**Exercise directions**: From the first line of the listing below to the line with "H.H. The Maharaja", print each line exactly, and nothing more. Leave out the pictures.

_ _ _ _ _ _ _

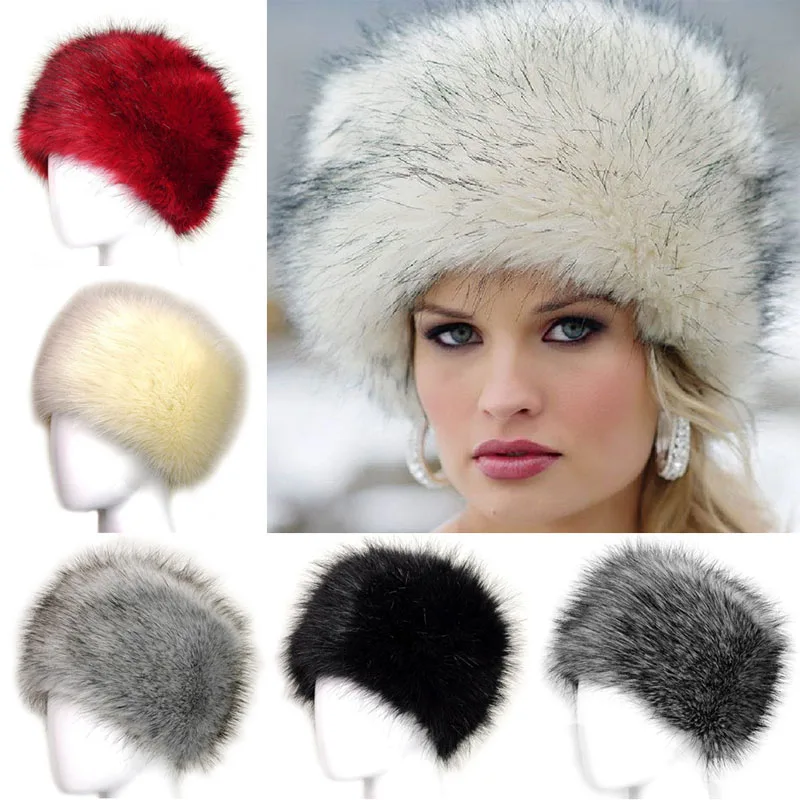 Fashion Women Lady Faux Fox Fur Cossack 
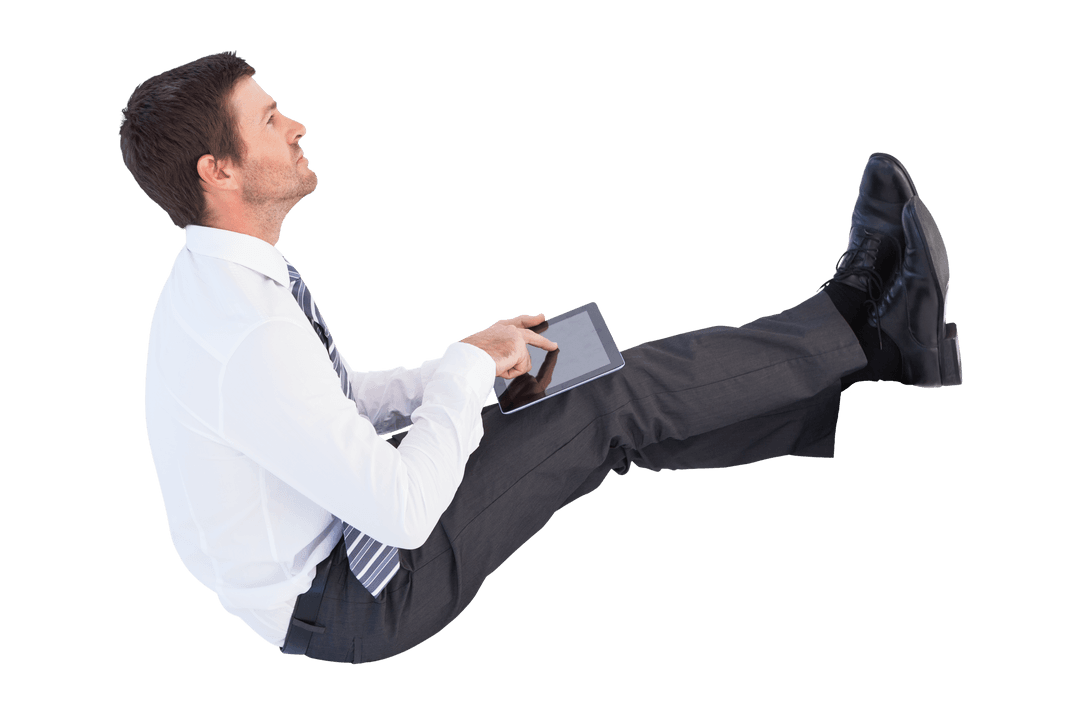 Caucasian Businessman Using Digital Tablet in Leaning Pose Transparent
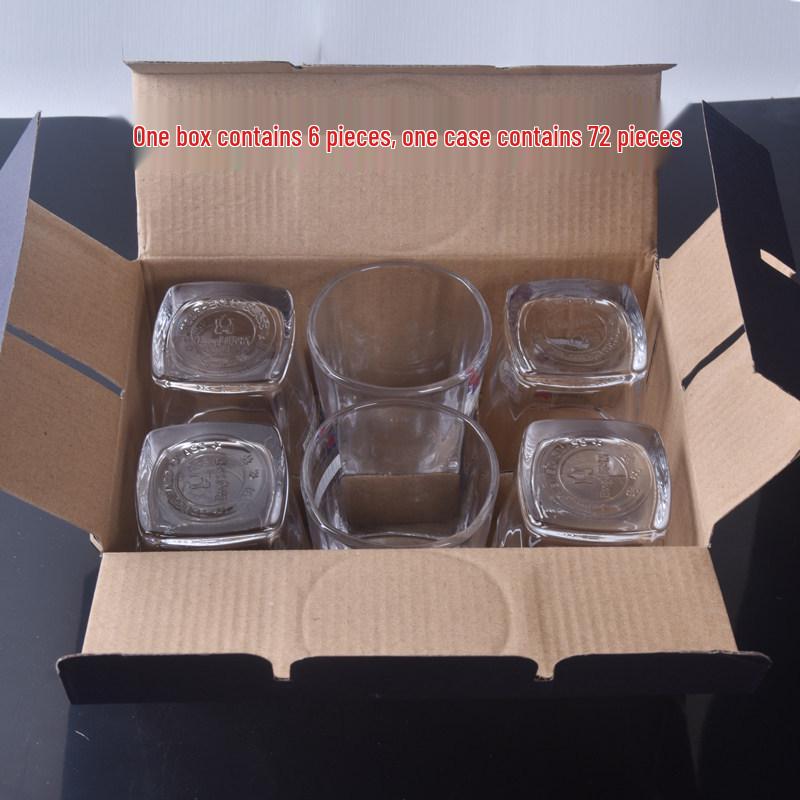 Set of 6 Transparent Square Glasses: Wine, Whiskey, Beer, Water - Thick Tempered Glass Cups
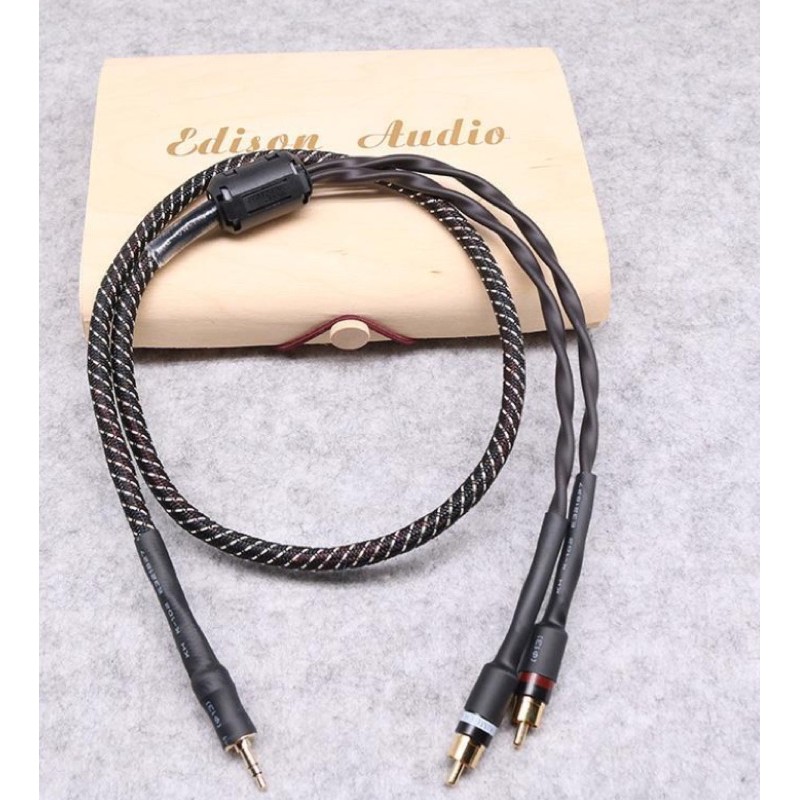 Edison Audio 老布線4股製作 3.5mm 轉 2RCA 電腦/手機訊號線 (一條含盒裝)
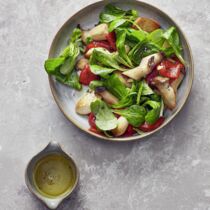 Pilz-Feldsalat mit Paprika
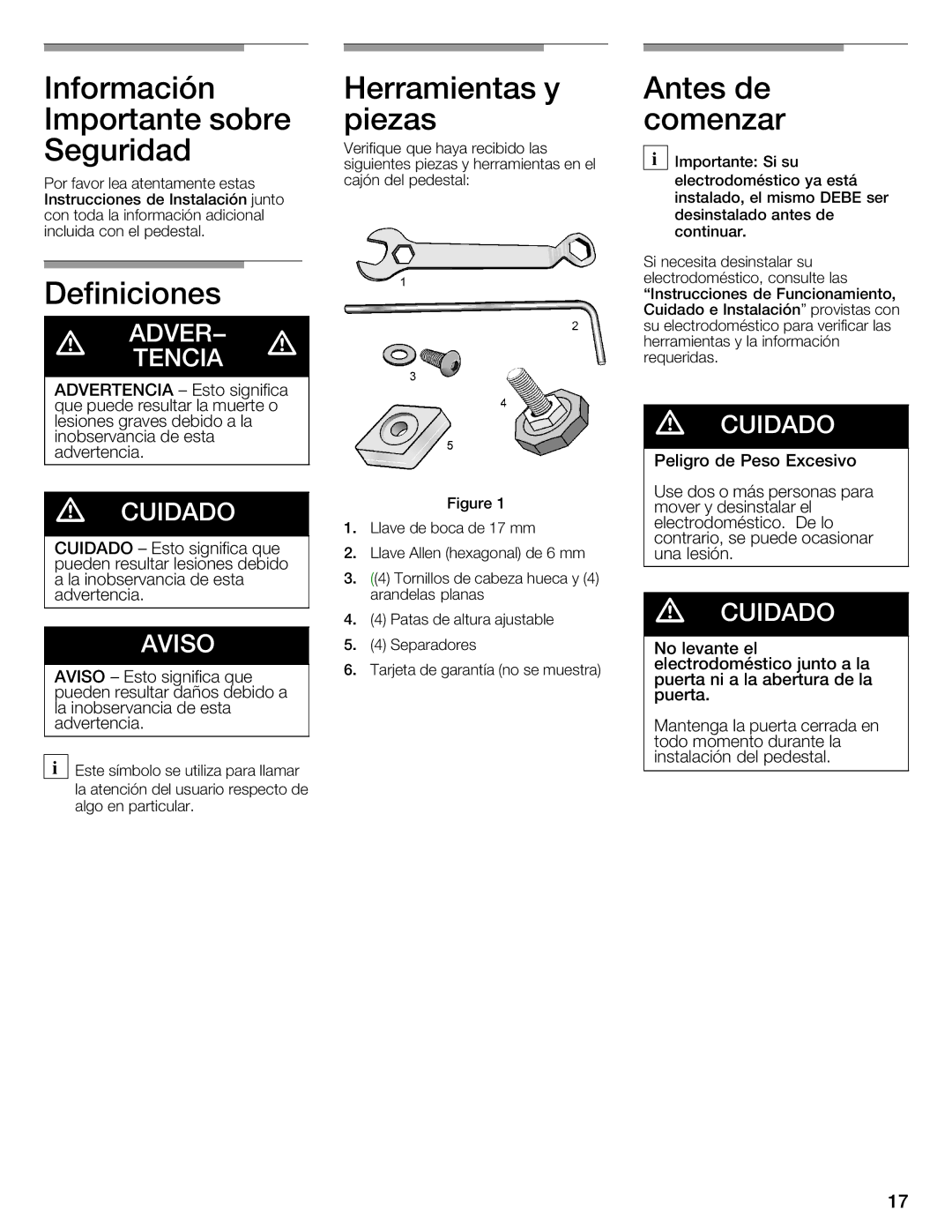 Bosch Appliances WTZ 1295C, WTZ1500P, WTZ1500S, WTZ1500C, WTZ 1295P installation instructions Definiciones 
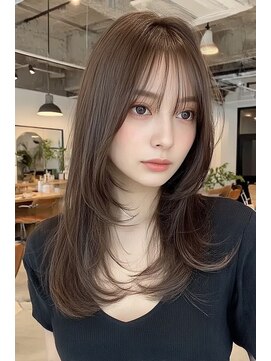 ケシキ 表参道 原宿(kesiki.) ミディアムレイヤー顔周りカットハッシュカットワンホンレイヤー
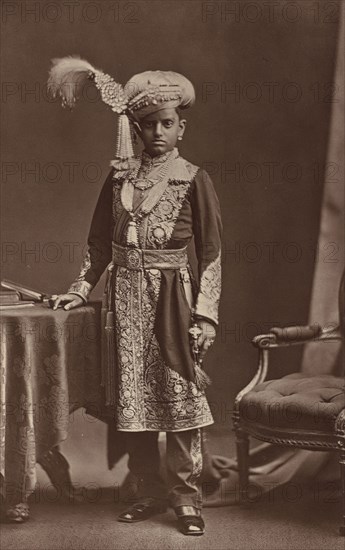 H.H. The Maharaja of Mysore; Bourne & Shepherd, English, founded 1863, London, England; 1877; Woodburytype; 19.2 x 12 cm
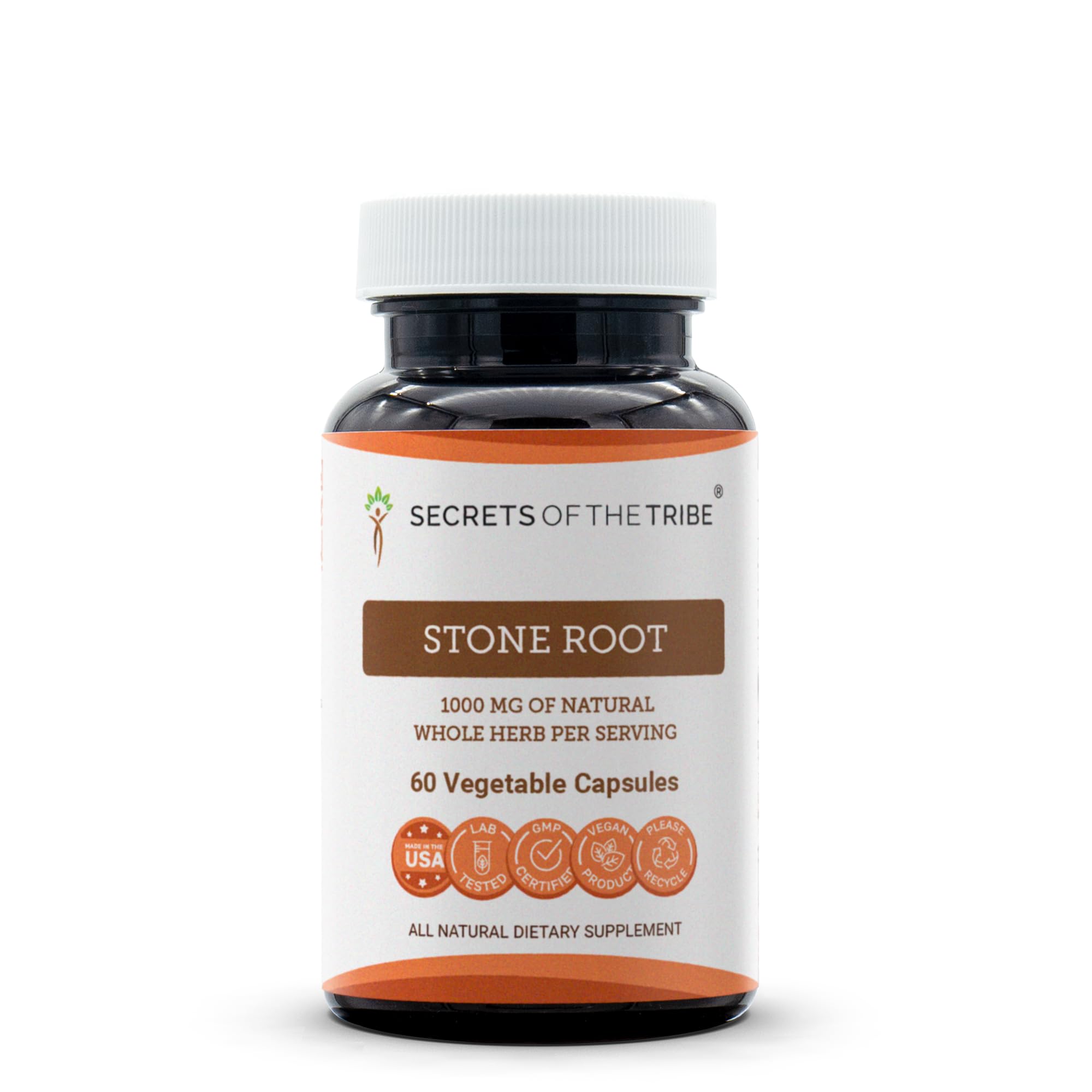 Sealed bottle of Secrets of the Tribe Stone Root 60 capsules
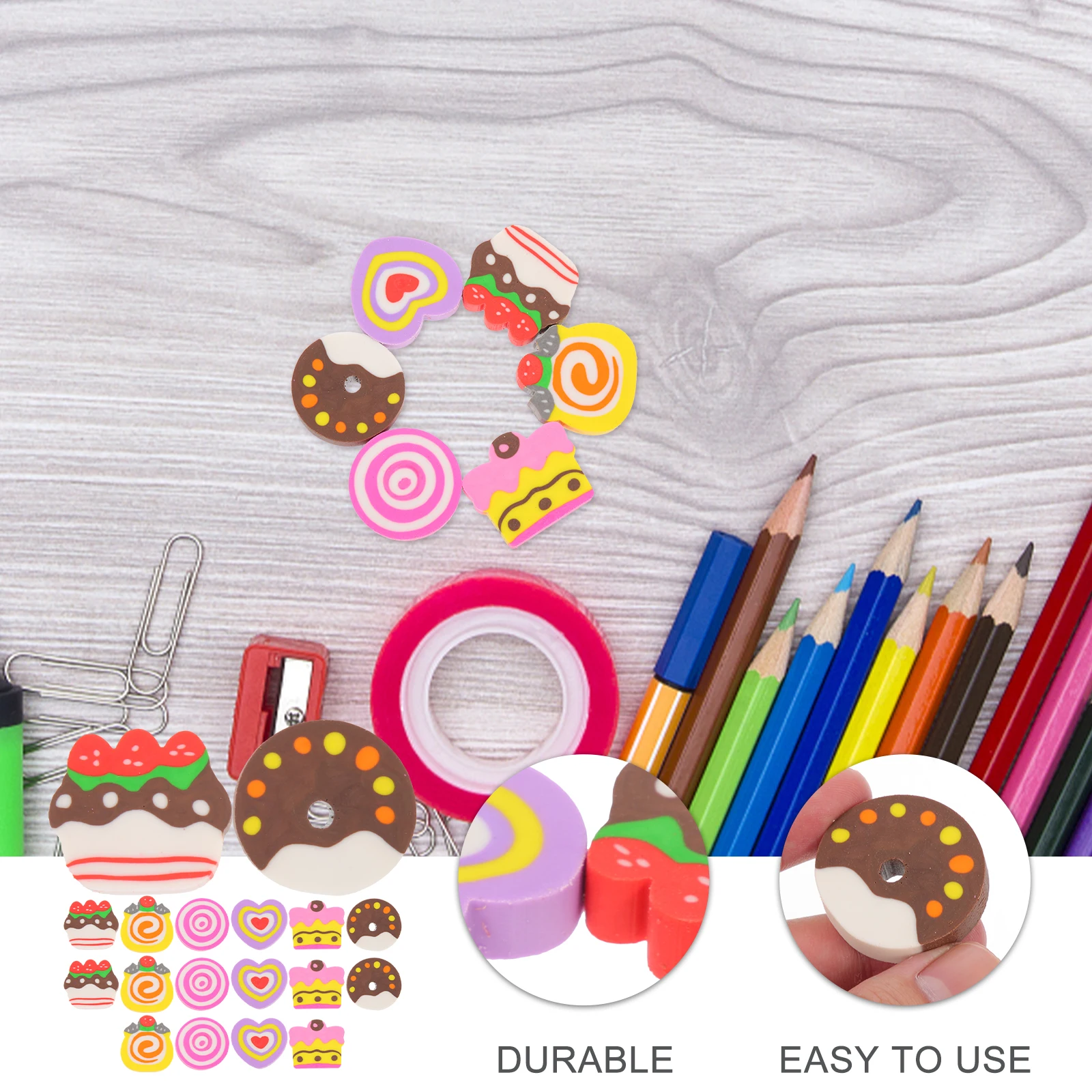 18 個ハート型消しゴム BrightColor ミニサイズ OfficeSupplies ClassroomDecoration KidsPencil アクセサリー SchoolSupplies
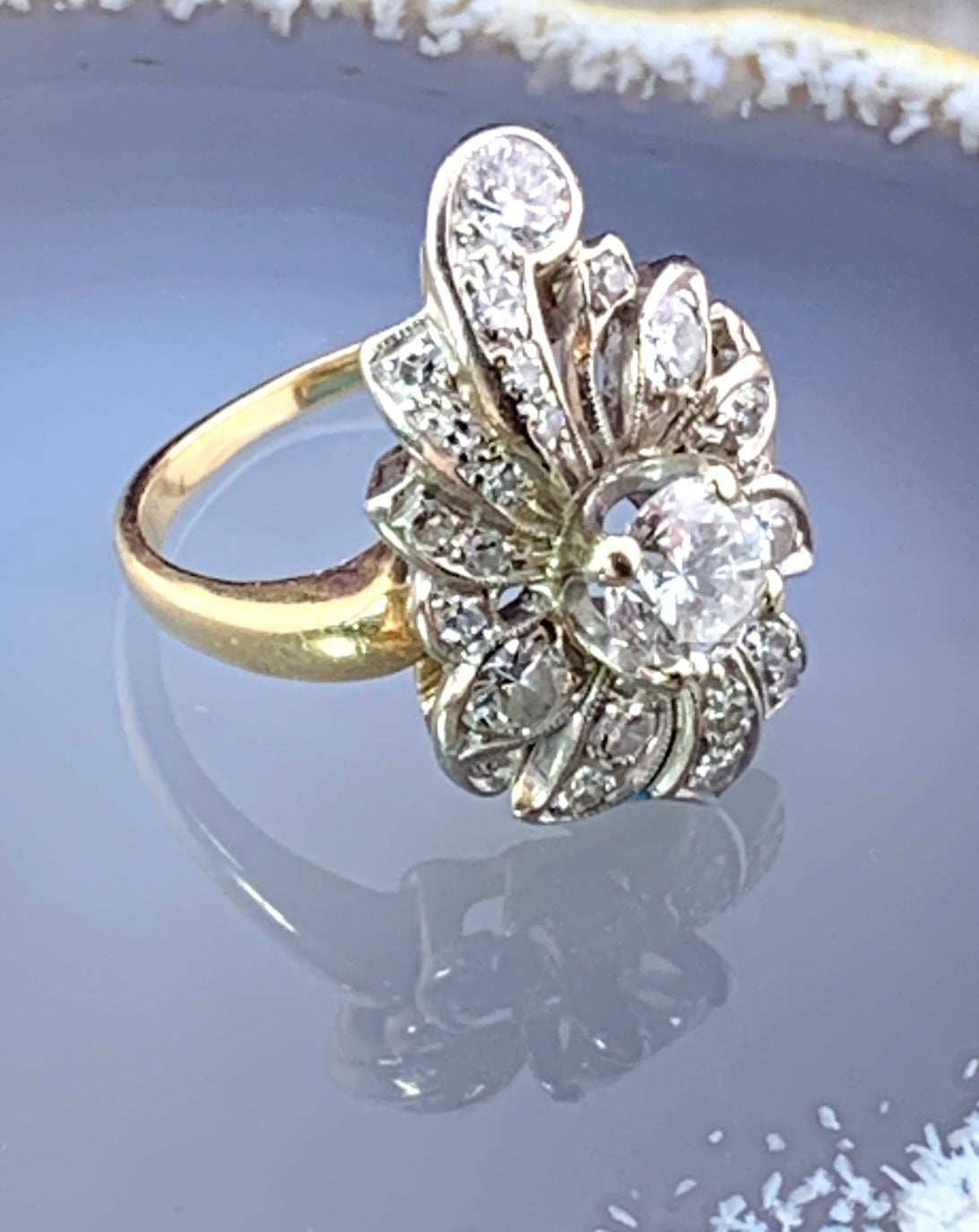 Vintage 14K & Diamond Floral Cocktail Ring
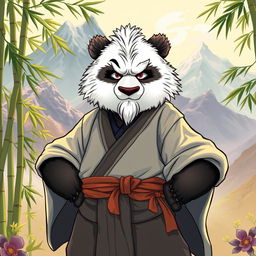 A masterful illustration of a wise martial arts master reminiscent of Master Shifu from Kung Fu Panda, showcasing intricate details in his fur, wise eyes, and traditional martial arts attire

_ _ _ _ _ _ _

**Completed task**:
 Fashion Women Lady Faux Fox Fur Cossack 
 Caucasian Businessman Using Digital Tablet in Leaning Pose Transparent
 Set of 6 Transparent Square Glasses: Wine, Whiskey, Beer, Water - Thick Tempered Glass Cups
 Edison Audio 老布線4股製作 3.5mm 轉 2RCA 電腦/手機訊號線 (一條含盒裝)
 Pilz-Feldsalat mit Paprika
 Bosch Appliances WTZ 1295C, WTZ1500P, WTZ1500S, WTZ1500C, WTZ 1295P installation instructions Definiciones 
 ケシキ 表参道 原宿(kesiki.) ミディアムレイヤー顔周りカットハッシュカットワンホンレイヤー
 H.H. The Maharaja of Mysore; Bourne & Shepherd, English, founded 1863, London, England; 1877; Woodburytype; 19.2 x 12 cm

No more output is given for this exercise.